I just from FROM Colorado.. aren't you guys getting tons of snow?


----------



## andimax (Jun 26, 2011)

We had a bit in dec. But not lately. It was actually 65 degrees!!
_Posted via Mobile Device_


----------



## chaseranya (Jan 6, 2012)

I've lived here my whole life!


----------



## Delfina (Feb 12, 2010)

I am.

No snow though, I got maybe an inch of sleety, slushy yuck in December that melted pretty quick. The winds right though.... oh my. Putting back up 900ft of fence this week, the wind snapped 20 4x4 posts off at the ground.


----------



## Skyseternalangel (Jul 23, 2011)

Well I'm glad you guys aren't getting pounded! Should come in May, right? 

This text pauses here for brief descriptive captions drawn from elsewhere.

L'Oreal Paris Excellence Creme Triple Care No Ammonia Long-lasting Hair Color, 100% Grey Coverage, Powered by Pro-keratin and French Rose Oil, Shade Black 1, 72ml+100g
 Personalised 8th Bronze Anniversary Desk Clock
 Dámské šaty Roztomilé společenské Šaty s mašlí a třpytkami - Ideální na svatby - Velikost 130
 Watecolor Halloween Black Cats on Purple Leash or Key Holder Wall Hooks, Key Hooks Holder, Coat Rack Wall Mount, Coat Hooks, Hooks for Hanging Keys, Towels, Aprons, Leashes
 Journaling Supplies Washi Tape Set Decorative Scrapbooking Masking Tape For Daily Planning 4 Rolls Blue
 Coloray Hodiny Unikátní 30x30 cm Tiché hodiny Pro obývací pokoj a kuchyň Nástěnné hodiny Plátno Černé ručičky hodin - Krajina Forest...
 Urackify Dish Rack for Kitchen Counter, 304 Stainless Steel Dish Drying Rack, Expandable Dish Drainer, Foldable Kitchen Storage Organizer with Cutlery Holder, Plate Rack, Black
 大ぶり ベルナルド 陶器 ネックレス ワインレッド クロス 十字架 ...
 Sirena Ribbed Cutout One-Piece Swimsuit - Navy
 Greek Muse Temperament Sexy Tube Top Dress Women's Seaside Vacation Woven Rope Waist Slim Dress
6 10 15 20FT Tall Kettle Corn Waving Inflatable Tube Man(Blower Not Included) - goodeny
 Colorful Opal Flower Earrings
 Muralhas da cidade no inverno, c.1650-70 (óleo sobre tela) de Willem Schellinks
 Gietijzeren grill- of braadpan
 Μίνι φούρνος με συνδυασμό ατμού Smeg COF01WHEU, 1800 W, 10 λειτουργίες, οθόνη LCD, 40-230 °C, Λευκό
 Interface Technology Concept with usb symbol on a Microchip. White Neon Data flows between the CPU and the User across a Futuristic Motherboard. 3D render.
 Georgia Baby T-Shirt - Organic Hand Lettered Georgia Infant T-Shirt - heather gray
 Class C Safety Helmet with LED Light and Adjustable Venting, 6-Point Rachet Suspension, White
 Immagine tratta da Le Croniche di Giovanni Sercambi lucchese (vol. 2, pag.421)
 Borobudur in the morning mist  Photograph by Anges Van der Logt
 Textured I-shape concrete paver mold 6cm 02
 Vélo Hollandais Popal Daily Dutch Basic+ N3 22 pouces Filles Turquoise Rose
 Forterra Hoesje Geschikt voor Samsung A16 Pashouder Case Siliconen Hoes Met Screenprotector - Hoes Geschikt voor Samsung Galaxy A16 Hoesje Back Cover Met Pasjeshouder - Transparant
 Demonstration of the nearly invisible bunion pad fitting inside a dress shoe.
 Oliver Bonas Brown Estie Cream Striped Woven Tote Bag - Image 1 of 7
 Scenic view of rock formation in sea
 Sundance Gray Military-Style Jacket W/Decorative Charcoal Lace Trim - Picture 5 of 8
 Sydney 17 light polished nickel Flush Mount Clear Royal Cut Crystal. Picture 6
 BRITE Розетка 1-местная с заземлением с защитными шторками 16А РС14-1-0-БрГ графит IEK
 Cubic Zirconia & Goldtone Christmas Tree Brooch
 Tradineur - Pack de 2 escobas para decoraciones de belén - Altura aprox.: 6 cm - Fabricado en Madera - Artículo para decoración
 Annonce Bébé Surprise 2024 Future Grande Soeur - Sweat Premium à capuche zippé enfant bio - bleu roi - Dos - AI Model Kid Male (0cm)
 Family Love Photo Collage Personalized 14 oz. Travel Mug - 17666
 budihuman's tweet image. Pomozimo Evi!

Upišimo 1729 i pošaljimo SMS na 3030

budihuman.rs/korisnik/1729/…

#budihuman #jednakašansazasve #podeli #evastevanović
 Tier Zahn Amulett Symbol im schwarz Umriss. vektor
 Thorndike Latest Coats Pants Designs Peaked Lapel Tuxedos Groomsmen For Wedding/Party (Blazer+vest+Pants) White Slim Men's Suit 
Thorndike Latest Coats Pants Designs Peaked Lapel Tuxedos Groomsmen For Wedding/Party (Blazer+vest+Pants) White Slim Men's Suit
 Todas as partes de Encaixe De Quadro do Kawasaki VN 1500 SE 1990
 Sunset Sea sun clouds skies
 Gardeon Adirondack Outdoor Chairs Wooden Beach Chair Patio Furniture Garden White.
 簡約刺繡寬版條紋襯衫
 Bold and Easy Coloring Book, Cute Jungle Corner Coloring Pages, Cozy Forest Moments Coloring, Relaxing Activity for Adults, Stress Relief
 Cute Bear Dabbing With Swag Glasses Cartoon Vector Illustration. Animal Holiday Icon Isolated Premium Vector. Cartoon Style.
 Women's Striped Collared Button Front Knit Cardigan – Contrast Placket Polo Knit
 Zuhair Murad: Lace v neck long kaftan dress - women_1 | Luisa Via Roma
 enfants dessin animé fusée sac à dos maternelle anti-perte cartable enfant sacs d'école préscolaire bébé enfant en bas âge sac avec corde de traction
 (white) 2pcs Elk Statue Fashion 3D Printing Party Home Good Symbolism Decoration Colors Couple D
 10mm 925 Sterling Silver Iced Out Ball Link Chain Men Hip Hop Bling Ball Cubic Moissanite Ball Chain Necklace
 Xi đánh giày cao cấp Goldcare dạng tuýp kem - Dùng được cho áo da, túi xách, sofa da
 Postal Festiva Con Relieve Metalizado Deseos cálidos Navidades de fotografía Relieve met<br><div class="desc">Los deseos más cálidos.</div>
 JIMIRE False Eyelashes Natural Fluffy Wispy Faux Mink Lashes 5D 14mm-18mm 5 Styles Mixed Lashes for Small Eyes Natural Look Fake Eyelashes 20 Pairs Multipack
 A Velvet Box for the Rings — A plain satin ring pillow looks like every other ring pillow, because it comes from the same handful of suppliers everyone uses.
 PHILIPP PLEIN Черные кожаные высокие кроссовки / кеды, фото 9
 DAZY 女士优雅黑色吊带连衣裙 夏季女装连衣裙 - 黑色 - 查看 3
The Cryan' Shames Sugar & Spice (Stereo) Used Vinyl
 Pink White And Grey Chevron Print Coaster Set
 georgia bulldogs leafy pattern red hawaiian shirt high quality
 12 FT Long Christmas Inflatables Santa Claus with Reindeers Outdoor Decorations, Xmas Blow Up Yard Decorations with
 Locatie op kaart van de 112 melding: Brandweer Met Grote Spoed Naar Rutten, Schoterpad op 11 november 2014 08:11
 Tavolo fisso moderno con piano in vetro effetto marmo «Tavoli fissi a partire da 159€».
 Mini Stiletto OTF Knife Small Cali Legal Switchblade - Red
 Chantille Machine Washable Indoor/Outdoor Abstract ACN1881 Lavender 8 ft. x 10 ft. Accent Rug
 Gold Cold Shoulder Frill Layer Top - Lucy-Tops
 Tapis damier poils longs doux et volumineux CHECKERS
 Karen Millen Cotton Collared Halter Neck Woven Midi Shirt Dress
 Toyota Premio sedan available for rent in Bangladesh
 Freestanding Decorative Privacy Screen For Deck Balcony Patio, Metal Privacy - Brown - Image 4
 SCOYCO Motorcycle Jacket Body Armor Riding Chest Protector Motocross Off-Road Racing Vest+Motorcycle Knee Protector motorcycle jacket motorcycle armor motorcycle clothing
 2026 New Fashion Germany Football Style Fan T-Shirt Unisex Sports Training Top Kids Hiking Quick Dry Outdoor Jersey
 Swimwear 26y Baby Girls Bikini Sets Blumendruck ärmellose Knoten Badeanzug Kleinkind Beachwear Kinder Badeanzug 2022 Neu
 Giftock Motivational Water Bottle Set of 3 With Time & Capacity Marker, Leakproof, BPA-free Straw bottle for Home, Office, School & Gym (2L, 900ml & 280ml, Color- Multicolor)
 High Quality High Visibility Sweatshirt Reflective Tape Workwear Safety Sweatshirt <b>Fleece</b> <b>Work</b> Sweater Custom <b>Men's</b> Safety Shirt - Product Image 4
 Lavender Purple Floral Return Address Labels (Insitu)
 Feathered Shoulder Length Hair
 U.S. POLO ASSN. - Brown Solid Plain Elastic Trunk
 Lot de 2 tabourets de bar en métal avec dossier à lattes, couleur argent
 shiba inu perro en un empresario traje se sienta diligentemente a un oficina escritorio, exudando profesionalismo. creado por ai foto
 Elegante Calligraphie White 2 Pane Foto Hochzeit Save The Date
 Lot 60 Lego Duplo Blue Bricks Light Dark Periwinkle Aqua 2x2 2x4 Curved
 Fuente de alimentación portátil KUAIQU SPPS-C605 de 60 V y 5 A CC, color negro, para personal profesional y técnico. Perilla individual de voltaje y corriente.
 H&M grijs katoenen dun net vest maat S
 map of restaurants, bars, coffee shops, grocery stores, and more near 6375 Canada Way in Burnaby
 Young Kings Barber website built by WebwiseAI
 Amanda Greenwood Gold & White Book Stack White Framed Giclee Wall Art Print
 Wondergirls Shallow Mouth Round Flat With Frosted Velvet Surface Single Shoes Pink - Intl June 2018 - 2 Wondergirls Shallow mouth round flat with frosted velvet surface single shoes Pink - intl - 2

I do miss trail rides near the foothills though... beautiful terrain.


----------



## andimax (Jun 26, 2011)

Yes may lol. Th winds were intense it blew over our hay barn which was supported by a ton a rebar. Just inches by the horses pens. It also pulled up 3 trees in our neighbors back yard!
_Posted via Mobile Device_


----------



## Skyseternalangel (Jul 23, 2011)

Oh no!!!!!! Are you covered by insurance?! I hope so! 

It's been unusually windy here too, but nothing that bizarre! Maybe a few fallen trees.

I hope the wind starts behaving itself for you! I heard it was like 60 degrees yesterday and people were in shorts and tees  Good ol' wait-5-minutes-if-you-don't-like-the-weather Colorado


----------



## andimax (Jun 26, 2011)

Oh were covered! It hasn't been windy in about 4 days. Whew!! And ya it was 65 on thur. It was sooo nice. It's supposed to snow tonight. Ugh. I love co but I'm not fond of snow darn it.
_Posted via Mobile Device_


----------



## Skyseternalangel (Jul 23, 2011)

I thought I loved CO before I came here. I am absolutely in LOVE with Maryland. Very mellow all around, whereas CO is pretty all over the place.

You guys are gonna get snow, and expecting more?

You're in my prayers! !


----------



## Roperchick (Feb 1, 2010)

Im from Aztec which is 20 minutes away from the border, does that count?


----------